Your assignment> Give all of the data again exactly as written, omitting every image.

(Stored records)
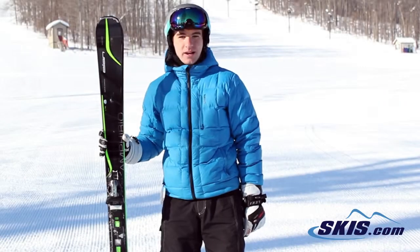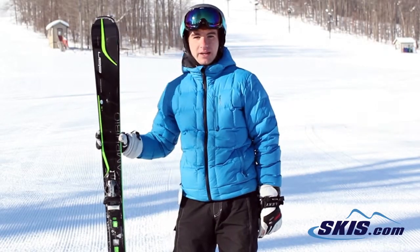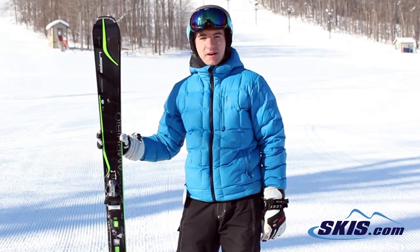Hi, this is Ryan. I just got off the Elan Amphibio 88 XTi. Give this ski 5 out of 5 stars.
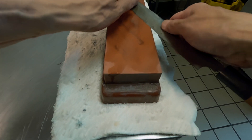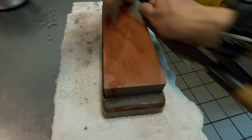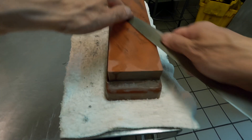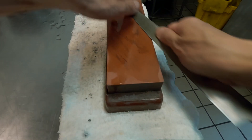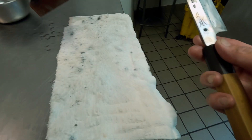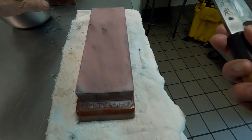See how I am holding the knife? I am not holding it by the handle. This way it's easier to control while working around the tip. I am pretty much done with 800, and now moving on to 3000.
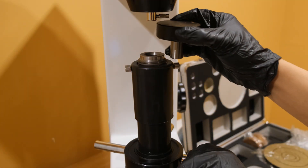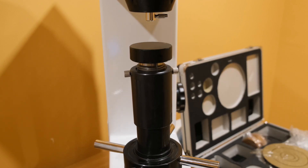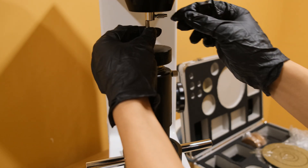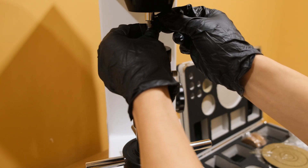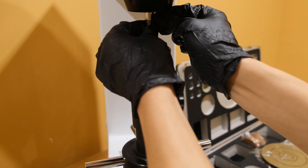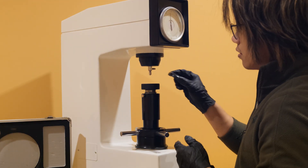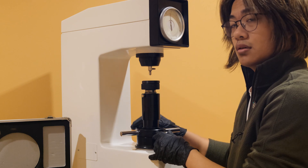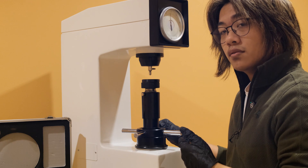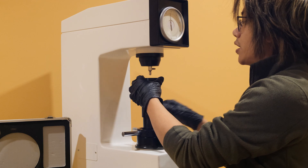Mount the penetrator and anvil, taking care to adjust the elevation screw as needed. Place the sample and verify that it is stable. This is vital to ensure consistency in your results.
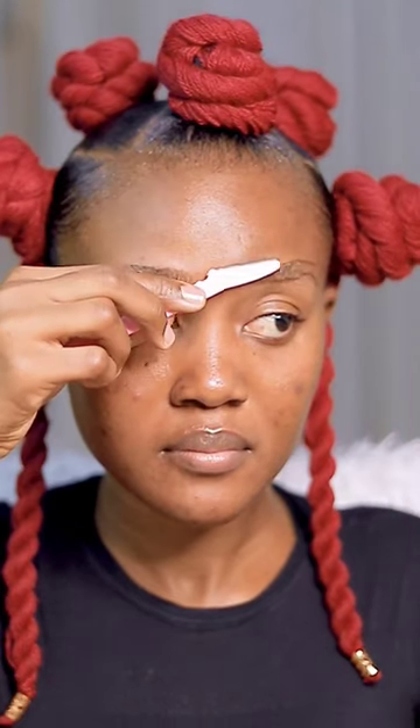For the second method, you want to use a pencil to draw the eyebrow based on how you want your eye makeup to look, and then use it as a guide to trim all the excess parts that are above or below the lines you have drawn. It will look something like this, and then you basically follow the same steps as the first method.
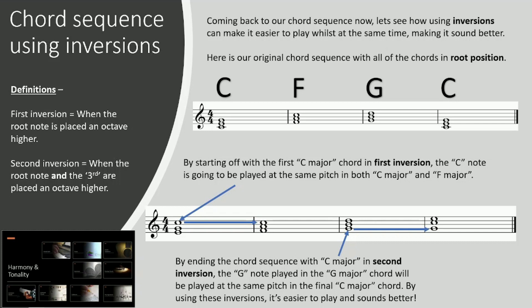As you could hear, it sounds beautiful, if I might say so myself. Join me in the next lesson where we are going to go even further. We're going to look at passing chords and how they can be used to even further enhance chord sequences.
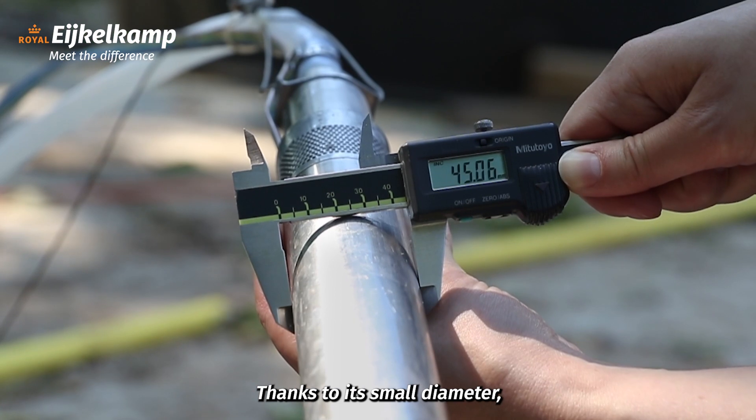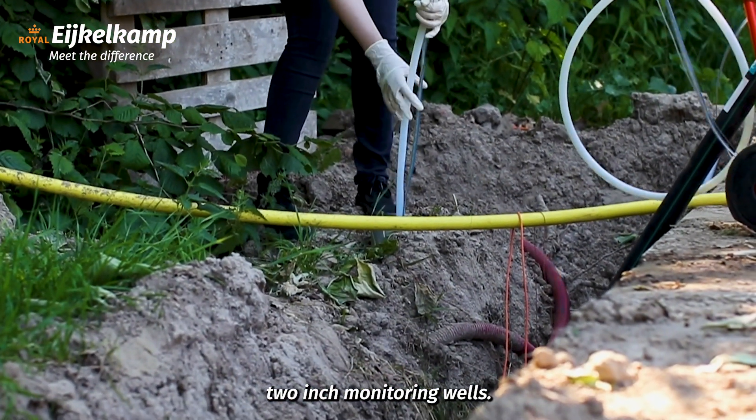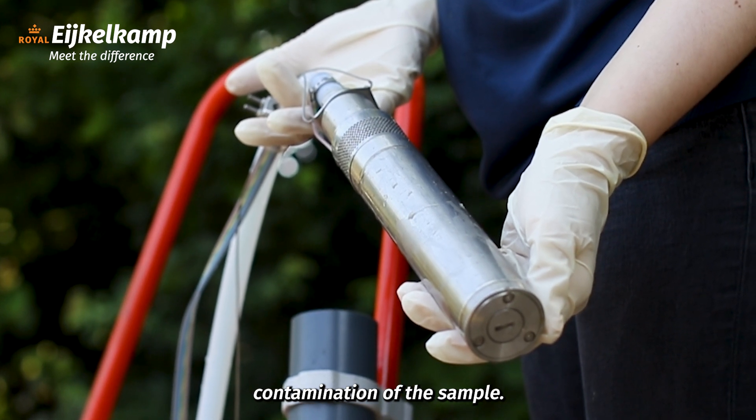Thanks to its small diameter, it fits even the smaller 2-inch monitoring wells. The pump housing is completely made of stainless steel, which helps to prevent contamination of the sample.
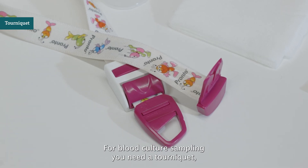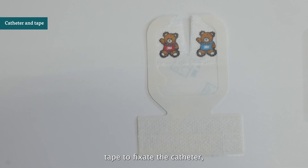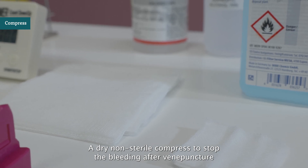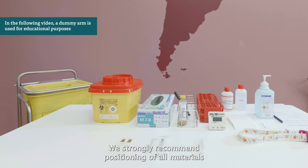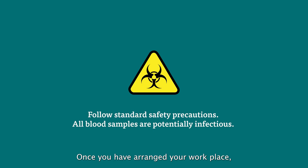For blood culture sampling, you need a tourniquet, an IV catheter and its lock, tape to fixate the catheter, a sterile 2 ml syringe, and a 23-gauge needle. Finally, you need a rack for blood culture bottles and a rack to hold a syringe, a dry non-sterile compress to stop the bleeding after venipuncture, a sharps container, and a biohazard container. We strongly recommend positioning all materials at the side of the dominant hand to avoid crossover of the arms during the procedure. Once you have arranged your workplace, you can start the procedure.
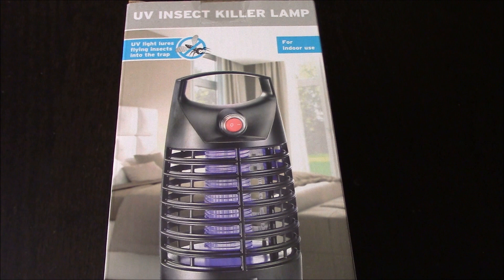Bugs! I hate them, don't you? I mean we've done a really good job in the UK killing most of them off, but in the summertime we do get the odd moth, the odd spider, the old daddy long legs.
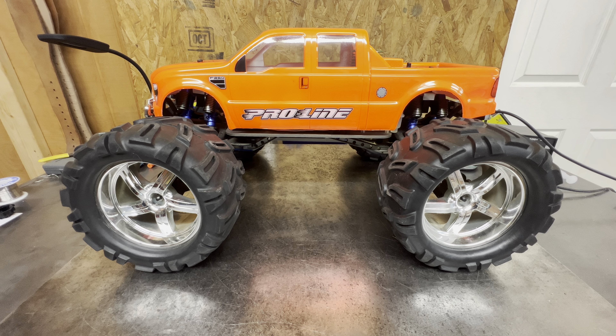Welcome back to the channel guys, it's Maz back again with another video for you. Today I wanted to change it up a little bit. I appreciate y'all hanging in there with me on the TRX4 XJ build, but I wanted to give y'all something a little different to look at.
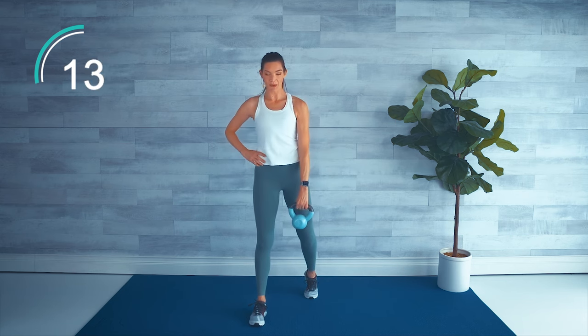Holding the weight or kettlebell in both hands straight up overhead, we have three crunches — just lifting the head, neck and shoulders up off the floor. Then three skull crushers: bend those elbows, weight comes towards the forehead, then lift. Three crunches and three skull crushers. Relax your head during the tricep skull crushers so your neck doesn't bother you on the crunches.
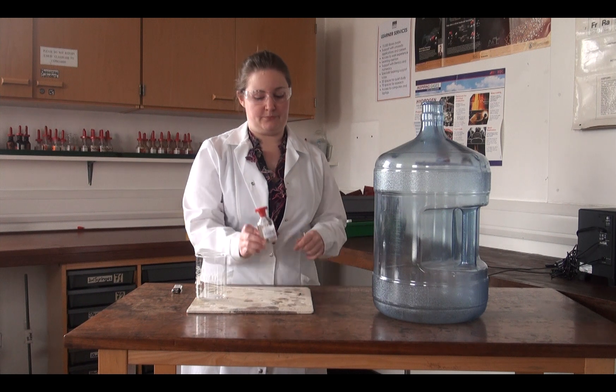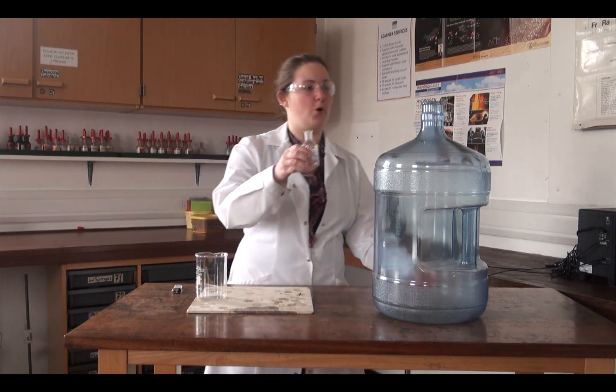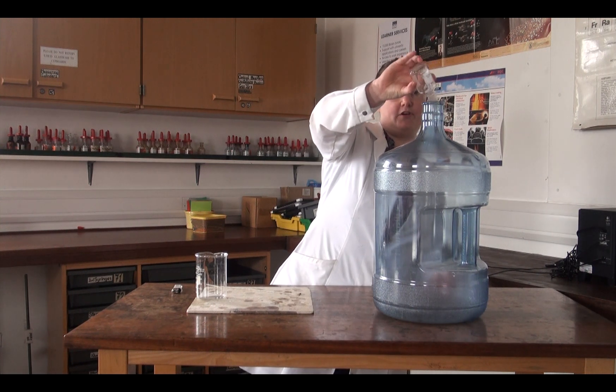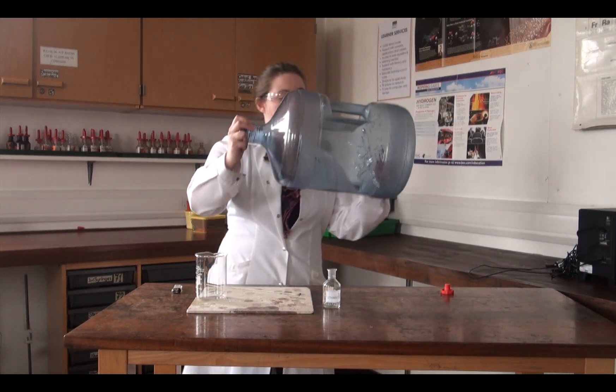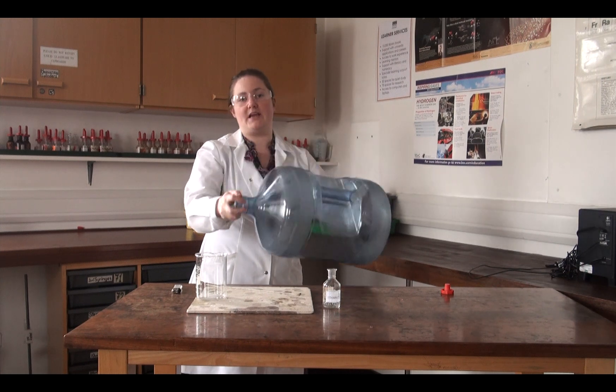The demonstration we're going to do today is to show the combustion of ethanol, a highly flammable liquid. We're going to pour all our ethanol into this large bottle here, and then we're going to shake the bottle around. What we're doing here is we're making ethanol vapor.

Response box>
Hi, this is Ryan. I just got off the Elan Amphibio 88 XTi. Give this ski 5 out of 5 stars.
See how I am holding the knife? I am not holding it by the handle. This way it's easier to control while working around the tip. I am pretty much done with 800, and now moving on to 3000.
Mount the penetrator and anvil, taking care to adjust the elevation screw as needed. Place the sample and verify that it is stable. This is vital to ensure consistency in your results.
For the second method, you want to use a pencil to draw the eyebrow based on how you want your eye makeup to look, and then use it as a guide to trim all the excess parts that are above or below the lines you have drawn. It will look something like this, and then you basically follow the same steps as the first method.
As you could hear, it sounds beautiful, if I might say so myself. Join me in the next lesson where we are going to go even further. We're going to look at passing chords and how they can be used to even further enhance chord sequences.
Thanks to its small diameter, it fits even the smaller 2-inch monitoring wells. The pump housing is completely made of stainless steel, which helps to prevent contamination of the sample.
For blood culture sampling, you need a tourniquet, an IV catheter and its lock, tape to fixate the catheter, a sterile 2 ml syringe, and a 23-gauge needle. Finally, you need a rack for blood culture bottles and a rack to hold a syringe, a dry non-sterile compress to stop the bleeding after venipuncture, a sharps container, and a biohazard container. We strongly recommend positioning all materials at the side of the dominant hand to avoid crossover of the arms during the procedure. Once you have arranged your workplace, you can start the procedure.
Bugs! I hate them, don't you? I mean we've done a really good job in the UK killing most of them off, but in the summertime we do get the odd moth, the odd spider, the old daddy long legs.
Welcome back to the channel guys, it's Maz back again with another video for you. Today I wanted to change it up a little bit. I appreciate y'all hanging in there with me on the TRX4 XJ build, but I wanted to give y'all something a little different to look at.
Holding the weight or kettlebell in both hands straight up overhead, we have three crunches — just lifting the head, neck and shoulders up off the floor. Then three skull crushers: bend those elbows, weight comes towards the forehead, then lift. Three crunches and three skull crushers. Relax your head during the tricep skull crushers so your neck doesn't bother you on the crunches.
The demonstration we're going to do today is to show the combustion of ethanol, a highly flammable liquid. We're going to pour all our ethanol into this large bottle here, and then we're going to shake the bottle around. What we're doing here is we're making ethanol vapor.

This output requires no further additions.